Summary: The Supremacy and Sufficiency of Christ, part 10 The Anatomy of Paul's Prayer Colossians 2:6-10 David Taylor 2015 The Intensity of Paul's Prayer (vs. 1 The Heart of Paul's Prayer (vs. 2-3) The Motivation Behind Paul's Prayer (vs. 4-5)
The Supremacy and Sufficiency of Christ, part 10
The Anatomy of Paul's Prayer
We are starting chapter two in Paul's letter to the Colossians church, in our series, “The Supremacy and Sufficiency of Christ.” Paul wrote this letter to help the Colossian church see Christ as supreme over all things and sufficient for our every need in the face of teaching that stated Christ was not supreme and sufficient. So far we have seen that Paul is thankful to God for the fruit of the gospel in their lives and prays that they be filled with spiritual wisdom.
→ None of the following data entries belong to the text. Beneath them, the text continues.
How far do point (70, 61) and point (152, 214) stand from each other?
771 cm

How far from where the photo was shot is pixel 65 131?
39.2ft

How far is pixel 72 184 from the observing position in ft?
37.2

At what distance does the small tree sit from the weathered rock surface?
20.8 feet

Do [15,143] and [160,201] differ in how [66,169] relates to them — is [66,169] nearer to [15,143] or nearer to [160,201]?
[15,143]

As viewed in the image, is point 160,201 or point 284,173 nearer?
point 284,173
Then he paints a picture of Christ as preeminent overall things and reconciling all things to himself. Then he describes the implication of this reconciliation in the lives of those who have come to faith in Christ. And last week we saw “Paul's Service to Christ's Church,” and this week we look at “The Anatomy of Paul's Prayer.”
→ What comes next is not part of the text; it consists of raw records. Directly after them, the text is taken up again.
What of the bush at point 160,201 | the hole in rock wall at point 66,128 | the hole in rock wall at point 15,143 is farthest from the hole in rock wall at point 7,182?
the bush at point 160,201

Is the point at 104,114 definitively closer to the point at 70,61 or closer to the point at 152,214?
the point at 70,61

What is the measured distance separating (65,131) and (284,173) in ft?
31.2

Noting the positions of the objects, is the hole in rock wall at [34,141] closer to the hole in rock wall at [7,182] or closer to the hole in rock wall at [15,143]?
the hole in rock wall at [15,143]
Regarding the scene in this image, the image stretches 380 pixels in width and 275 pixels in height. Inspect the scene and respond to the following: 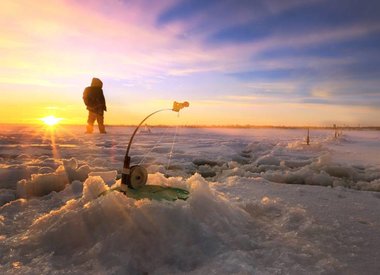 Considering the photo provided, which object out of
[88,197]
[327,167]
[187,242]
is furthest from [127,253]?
[327,167]

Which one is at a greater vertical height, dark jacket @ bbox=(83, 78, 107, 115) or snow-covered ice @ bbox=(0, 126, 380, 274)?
dark jacket @ bbox=(83, 78, 107, 115)

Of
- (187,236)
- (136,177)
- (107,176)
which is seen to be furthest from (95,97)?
(187,236)

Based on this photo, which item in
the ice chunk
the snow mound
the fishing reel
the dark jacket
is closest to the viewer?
the snow mound

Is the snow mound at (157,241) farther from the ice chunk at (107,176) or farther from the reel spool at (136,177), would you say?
the ice chunk at (107,176)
Big Idea – Paul prays for the Colossian church to be encouraged in their faith to experience the fullness of Christ more fully.
The Intensity of Paul's Prayer (vs. 1)
Paul describes having a great struggle, 'I want you to know how great a struggle I have for you.' He does not say his struggle is in prayer but we see the same word used later in the letter in reference to prayer and Paul uses the word when he asks the church at Rome to pray for him. That word, struggle, is where we get the word agonize from and as I said last week it refers to strenuous work. It is used of athletic games like wrestling or fighting. What makes this struggle in prayer astonishing is that he did not even know them! What kind of struggle is Paul talking about? I don't think he is talking about the struggle that many of us think of when we think of the struggle to pray when we don't feel like praying! The root of that issue is unbelief. We don't think God will hear us, answer us, or that it will make a difference to pray! That is when we must pray by faith and not sight. But for Paul I think his struggle was twofold. First, his struggle was a spiritual struggle pleading with God on their behalf because of the threat of the false teachers. He feared the devastating and eternal consequences of this false teaching taking root in the church. Second, his struggle was because prayer is a form of spiritual warfare. Interceding, praying for others, is warring against the forces of evil. Sometimes praying for others is the most effective form of ministry you can have in someone's life.
The Heart of Paul's Prayer (vs. 2-3)
Paul prayed that their hearts would be encouraged. The heart is where faith springs forth, so he is praying that their faith be strengthened to face the opposition of the false teaching. He wanted them to remain faithful to Christ. Second, he prays that they be knit together in love. Encouragement comes as we grow closer together in love and mutual support. Love is the glue that holds community together when outside forces, like false teaching, threatens to disrupt it. And since truth is what encourages our faith, Paul prays that the result of encouragement and growing in mutual support is that they 'reach all the riches of full assurance of understanding and the knowledge of God's mystery which is Christ, in whom are hidden all the treasures of wisdom and knowledge.' Encouragement and authentic community leads to greater confidence in our faith as well as greater insight and knowledge of Christ! Do you ever struggle with doubt? Doubt his goodness? Your salvation? God's Forgiveness? Or God's love? All of us have doubted God in some way. Doubt is not all bad when it drives you to study or search out a subject. But James also tells us that the doubter is like waves of the sea tossed around and driven by the wind. When we are struggling with doubt, we are unstable and ineffective. Paul prays that they will be encouraged and grow in authentic community so they have full assurance, that is, confident and fully convinced in their faith which comes from understanding, and centers on Christ. The goal of encouragement and authentic community is that we might experience the confidence that comes from increased understanding as well as a more profound and life changing knowledge of Christ. There is so much to gain from being in genuine, open, honest, loving, and truthful relationships with people that know God and know the word. His point is that if we find strength from each other we will be more confident in our faith and experience the depths of the treasures of wisdom and knowledge that is only found in Christ. We need each other to know and treasure Christ more deeply and when we do that we will be prepared when obstacles come our way. You hinder your spiritual growth if you are not in authentic community. Your spiritual growth, your confidence in your faith, and deepening your relationship with Christ require being part of an encouraging community of people. It is arrogant to think otherwise.